▸ Assignment: Going line by line through the entries, count those containing "Picture" and state only the result.

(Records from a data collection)
········
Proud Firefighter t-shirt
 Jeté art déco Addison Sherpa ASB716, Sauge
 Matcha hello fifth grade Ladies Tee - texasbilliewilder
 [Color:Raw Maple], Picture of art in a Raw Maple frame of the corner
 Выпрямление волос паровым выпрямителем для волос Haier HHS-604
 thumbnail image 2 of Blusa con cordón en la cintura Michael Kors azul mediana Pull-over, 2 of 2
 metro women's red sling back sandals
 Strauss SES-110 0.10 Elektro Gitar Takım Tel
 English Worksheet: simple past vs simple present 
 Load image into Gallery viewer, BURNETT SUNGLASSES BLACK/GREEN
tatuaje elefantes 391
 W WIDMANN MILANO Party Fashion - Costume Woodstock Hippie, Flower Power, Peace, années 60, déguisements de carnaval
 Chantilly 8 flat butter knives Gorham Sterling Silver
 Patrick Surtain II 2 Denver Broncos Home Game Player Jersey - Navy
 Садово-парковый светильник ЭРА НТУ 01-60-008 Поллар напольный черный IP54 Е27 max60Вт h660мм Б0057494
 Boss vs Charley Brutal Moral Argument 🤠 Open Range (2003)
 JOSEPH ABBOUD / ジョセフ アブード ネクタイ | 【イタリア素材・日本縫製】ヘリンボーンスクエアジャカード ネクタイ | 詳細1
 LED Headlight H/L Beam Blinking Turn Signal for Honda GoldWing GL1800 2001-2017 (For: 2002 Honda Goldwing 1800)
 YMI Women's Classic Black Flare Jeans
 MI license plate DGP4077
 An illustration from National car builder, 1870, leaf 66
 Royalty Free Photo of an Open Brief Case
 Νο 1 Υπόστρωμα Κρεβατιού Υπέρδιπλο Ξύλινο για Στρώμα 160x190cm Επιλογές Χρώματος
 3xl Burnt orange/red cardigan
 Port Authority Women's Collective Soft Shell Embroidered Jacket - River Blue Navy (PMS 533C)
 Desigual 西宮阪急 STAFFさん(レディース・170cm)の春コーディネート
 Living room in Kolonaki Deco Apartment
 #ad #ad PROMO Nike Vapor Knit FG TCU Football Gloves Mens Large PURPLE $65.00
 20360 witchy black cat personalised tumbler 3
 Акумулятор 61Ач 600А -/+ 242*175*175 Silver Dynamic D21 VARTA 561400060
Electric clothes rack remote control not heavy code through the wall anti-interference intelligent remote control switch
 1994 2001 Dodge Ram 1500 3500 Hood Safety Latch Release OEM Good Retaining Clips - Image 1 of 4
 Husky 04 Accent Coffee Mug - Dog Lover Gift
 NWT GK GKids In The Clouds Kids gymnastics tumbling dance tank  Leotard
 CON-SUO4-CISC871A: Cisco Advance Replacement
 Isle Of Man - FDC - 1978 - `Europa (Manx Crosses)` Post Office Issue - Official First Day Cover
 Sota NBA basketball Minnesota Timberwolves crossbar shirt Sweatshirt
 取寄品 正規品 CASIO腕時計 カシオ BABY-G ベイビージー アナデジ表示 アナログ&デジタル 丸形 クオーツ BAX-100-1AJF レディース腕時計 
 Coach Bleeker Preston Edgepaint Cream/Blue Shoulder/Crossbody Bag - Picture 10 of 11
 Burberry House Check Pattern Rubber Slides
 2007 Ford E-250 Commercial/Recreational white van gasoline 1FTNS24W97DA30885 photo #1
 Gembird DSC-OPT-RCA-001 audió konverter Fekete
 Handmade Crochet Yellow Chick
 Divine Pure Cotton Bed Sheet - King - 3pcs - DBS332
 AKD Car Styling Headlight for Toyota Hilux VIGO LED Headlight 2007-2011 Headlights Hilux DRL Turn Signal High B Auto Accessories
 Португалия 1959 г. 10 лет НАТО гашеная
········
▸ Written response: 2